Six stopping and two (three on Saturday) Semi-fast services to Cambridge (Monday to Saturday) - One Sunday stopping service to Cambridge with two back. The fastest service taking about 1hr30 to travel from London King's Cross to Cambridge.
An additional seven services reached Baldock (Monday to Saturday)
An additional three services reached Letchworth (Monday to Saturday), the last service running just after midnight Thursday morning.
Since the 1960s, Great Northern has been used to describe the suburban part of the East Coast Main Line, south of Peterborough and south of Royston. The Great Northern Railway proposed electrification of part of the line in 1903, but it was not until 1971 that a scheme to electrify the line from London King's Cross and Moorgate was authorised.
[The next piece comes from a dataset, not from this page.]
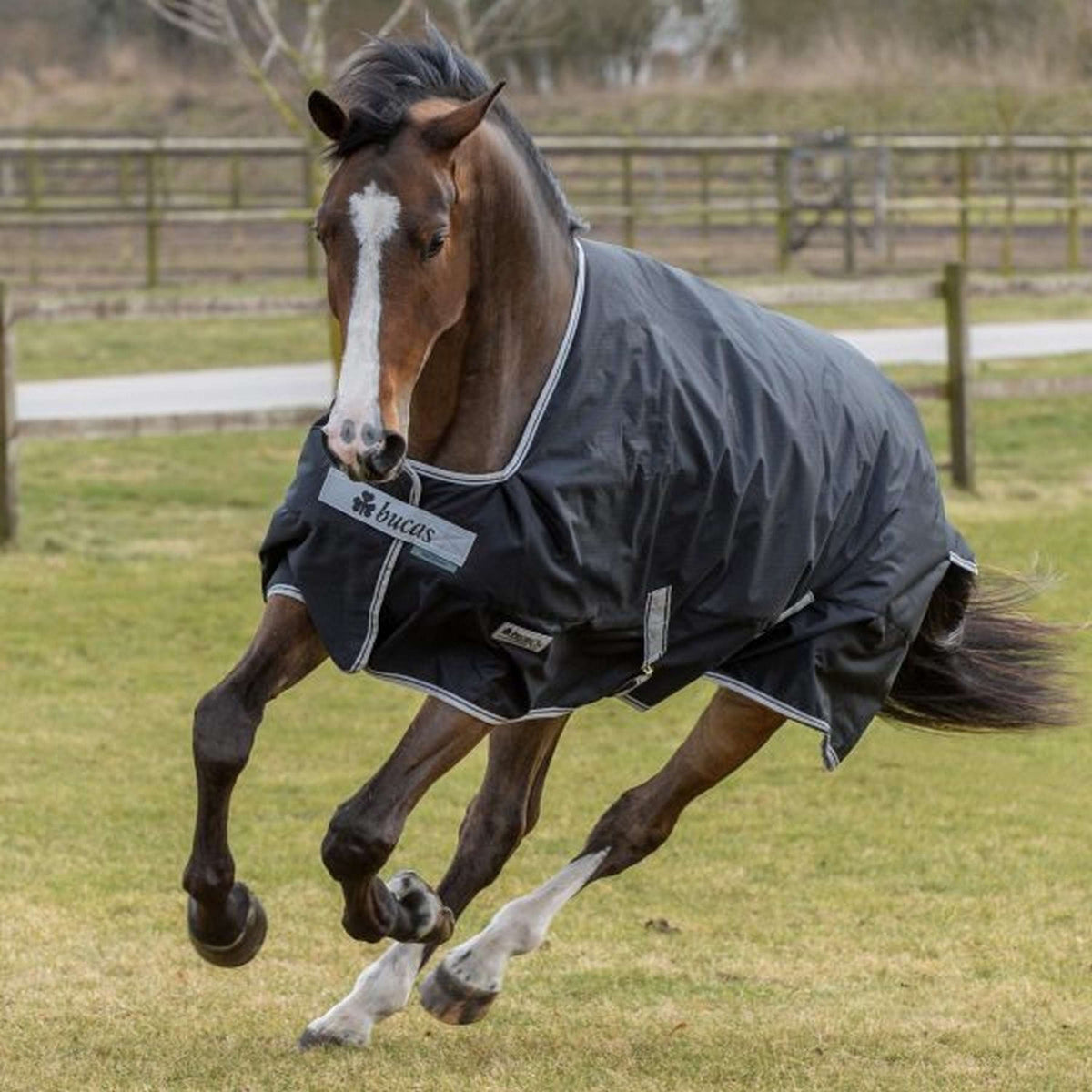 Bucas Anniversary Turnout Light SD Black/Silver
The Inner Suburban Lines to Welwyn Garden City and Hertford North were electrified in 1976 with Class 313 EMUs. In 1978 the electrification was complete to Royston with Class 312 EMUs providing the service. The route was then promoted as the Great Northern Electrics. The route between Hertford and Langley Junction, south of Stevenage, was also electrified but not regularly used by electric trains until 1979 when one Moorgate-Hertford service per hour was extended to Letchworth; prior to this diesel multiple units provided an infrequent service over this route, running between Hertford and Huntingdon/Peterborough. From 1979 until 1987 DMUs provided the service between Hitchin and Huntingdon/Peterborough. DMUs also provided a shuttle service between Royston and Cambridge between 1978 and 1988, connecting with the electric trains and replacing the former through Cambridge buffet expresses between Kings Cross and the university city.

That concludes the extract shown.